The plan aims to reduce the death and injury toll on Texas roads, which have been steadily increasing since 2012, despite the state’s efforts to improve driver behavior and upgrade road conditions. House Bill 62, which makes it illegal to text while driving in Texas, was passed by the state legislature and took effect September 1, 2017.

The intent of the plan is to reduce highway fatalities and serious injuries by about two percent from 2018 through 2022, and in doing so, focus on seven critical areas:

  • Distracted driving
  • Impaired driving
  • Intersection safety
  • Older motorists
  • Pedestrian safety
  • Roadway and lane departures
  • Speeding


According to data compiled by the Insurance Council of Texas (ICT), traffic fatalities in Texas have increased 34 percent since 2010. According to ICT spokesperson Mark Hanna, there is a definite correlation between a healthy Texas economy, higher speed limits, lower gasoline prices, an increasing population, and the steady rise in traffic fatalities. He said alcohol, speeding, and distracted driving all play major roles in the number of fatal accidents occurring in the state. Texas ranked number one in the nation for fatal crashes and alcohol-impaired driving in 2015, according to an Insurance Journal report.
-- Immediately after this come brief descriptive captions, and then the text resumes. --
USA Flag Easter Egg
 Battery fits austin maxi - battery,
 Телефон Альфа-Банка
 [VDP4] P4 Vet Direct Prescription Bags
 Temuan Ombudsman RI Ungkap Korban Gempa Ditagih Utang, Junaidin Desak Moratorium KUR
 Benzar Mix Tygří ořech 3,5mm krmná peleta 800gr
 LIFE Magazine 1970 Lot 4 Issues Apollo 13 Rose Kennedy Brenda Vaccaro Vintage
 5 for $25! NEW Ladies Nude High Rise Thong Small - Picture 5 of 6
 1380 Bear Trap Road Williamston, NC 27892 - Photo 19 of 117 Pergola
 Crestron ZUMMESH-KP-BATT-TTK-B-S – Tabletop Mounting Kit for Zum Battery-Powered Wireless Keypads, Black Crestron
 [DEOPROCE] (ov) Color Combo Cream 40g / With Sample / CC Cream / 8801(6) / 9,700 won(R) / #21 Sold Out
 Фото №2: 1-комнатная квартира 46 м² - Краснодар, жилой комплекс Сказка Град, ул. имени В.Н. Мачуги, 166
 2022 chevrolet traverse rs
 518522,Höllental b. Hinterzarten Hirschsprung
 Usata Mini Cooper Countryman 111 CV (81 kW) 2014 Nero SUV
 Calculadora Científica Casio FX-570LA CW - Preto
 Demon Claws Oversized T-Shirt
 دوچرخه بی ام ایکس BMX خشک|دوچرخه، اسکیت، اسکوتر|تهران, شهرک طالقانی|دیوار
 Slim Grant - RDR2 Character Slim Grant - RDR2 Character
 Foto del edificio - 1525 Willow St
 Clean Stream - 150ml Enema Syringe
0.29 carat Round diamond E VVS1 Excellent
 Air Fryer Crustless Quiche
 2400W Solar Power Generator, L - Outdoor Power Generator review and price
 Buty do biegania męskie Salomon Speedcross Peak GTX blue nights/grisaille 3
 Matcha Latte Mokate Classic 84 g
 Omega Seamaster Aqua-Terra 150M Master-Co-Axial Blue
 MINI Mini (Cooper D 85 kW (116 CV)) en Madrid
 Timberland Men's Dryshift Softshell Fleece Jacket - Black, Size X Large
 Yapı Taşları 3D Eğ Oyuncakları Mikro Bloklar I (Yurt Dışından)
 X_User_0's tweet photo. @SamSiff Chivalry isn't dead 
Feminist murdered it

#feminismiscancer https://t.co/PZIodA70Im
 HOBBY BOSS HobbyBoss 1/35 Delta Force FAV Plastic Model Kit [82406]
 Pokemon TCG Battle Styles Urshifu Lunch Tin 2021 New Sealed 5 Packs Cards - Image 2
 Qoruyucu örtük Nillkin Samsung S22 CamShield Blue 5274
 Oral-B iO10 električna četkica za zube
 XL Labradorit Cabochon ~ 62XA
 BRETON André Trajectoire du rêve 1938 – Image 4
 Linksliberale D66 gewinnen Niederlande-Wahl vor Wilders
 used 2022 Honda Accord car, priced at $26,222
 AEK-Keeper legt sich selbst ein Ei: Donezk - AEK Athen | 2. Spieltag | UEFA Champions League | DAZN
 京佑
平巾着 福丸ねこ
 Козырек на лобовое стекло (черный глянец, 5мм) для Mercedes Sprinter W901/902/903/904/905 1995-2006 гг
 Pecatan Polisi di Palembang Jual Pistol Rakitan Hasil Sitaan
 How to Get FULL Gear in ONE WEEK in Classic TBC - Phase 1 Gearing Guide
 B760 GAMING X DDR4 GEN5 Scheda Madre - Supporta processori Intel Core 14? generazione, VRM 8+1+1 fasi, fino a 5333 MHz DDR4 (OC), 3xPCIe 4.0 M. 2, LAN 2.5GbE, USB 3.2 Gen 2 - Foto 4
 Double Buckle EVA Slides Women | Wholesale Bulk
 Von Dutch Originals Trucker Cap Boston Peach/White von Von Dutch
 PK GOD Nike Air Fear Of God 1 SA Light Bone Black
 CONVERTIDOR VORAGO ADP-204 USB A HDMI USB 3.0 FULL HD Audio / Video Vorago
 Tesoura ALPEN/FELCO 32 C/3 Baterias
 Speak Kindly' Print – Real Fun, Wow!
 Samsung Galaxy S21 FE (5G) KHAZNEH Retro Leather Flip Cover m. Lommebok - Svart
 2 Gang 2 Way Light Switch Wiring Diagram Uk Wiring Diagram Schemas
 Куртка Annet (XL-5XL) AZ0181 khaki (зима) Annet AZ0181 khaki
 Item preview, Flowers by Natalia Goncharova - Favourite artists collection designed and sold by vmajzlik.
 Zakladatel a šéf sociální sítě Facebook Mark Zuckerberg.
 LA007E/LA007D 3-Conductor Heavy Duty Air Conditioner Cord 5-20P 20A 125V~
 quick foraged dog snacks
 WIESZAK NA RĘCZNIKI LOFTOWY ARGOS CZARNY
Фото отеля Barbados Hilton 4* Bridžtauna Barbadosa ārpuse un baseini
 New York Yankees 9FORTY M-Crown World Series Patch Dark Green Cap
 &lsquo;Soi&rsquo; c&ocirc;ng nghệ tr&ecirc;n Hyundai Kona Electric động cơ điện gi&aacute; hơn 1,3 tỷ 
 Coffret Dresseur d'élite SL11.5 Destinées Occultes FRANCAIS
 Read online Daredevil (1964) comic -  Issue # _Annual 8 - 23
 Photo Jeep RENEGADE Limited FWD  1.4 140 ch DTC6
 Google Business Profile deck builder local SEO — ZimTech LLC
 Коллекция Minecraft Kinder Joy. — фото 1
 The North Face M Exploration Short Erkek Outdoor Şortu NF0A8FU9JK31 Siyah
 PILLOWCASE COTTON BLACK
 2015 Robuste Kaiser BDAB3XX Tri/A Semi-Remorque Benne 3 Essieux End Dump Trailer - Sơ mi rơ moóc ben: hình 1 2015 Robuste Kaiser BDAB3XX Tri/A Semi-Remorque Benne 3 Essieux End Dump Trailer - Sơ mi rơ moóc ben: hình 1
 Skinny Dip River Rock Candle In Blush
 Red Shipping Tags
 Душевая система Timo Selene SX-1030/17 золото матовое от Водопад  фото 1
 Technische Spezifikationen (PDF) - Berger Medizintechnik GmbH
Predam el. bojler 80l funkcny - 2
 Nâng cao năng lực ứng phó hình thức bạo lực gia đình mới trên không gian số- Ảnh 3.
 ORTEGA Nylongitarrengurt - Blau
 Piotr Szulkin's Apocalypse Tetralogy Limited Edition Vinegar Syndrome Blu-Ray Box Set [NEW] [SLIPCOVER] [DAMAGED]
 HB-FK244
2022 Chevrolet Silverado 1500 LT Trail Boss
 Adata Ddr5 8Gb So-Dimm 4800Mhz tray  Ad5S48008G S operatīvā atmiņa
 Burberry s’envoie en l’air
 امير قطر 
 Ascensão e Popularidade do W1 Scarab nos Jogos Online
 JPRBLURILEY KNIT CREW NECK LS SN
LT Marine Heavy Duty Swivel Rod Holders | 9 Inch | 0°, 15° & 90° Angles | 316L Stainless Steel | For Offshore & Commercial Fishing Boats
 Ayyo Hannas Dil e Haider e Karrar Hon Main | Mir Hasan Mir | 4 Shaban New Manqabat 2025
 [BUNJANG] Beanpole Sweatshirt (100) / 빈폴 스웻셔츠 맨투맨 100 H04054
Traffic fatalities began to increase dramatically in Texas in 2011, and by 2012, approximately 3,037 people were killed on Texas roads. That number has increased significantly almost every year since then, with 3,801 deaths on the state’s roads recorded in 2017. Experts predict that if things do not change, 3,891 people will die on Texas roads during 2018, and an estimated 4,327 by 2022.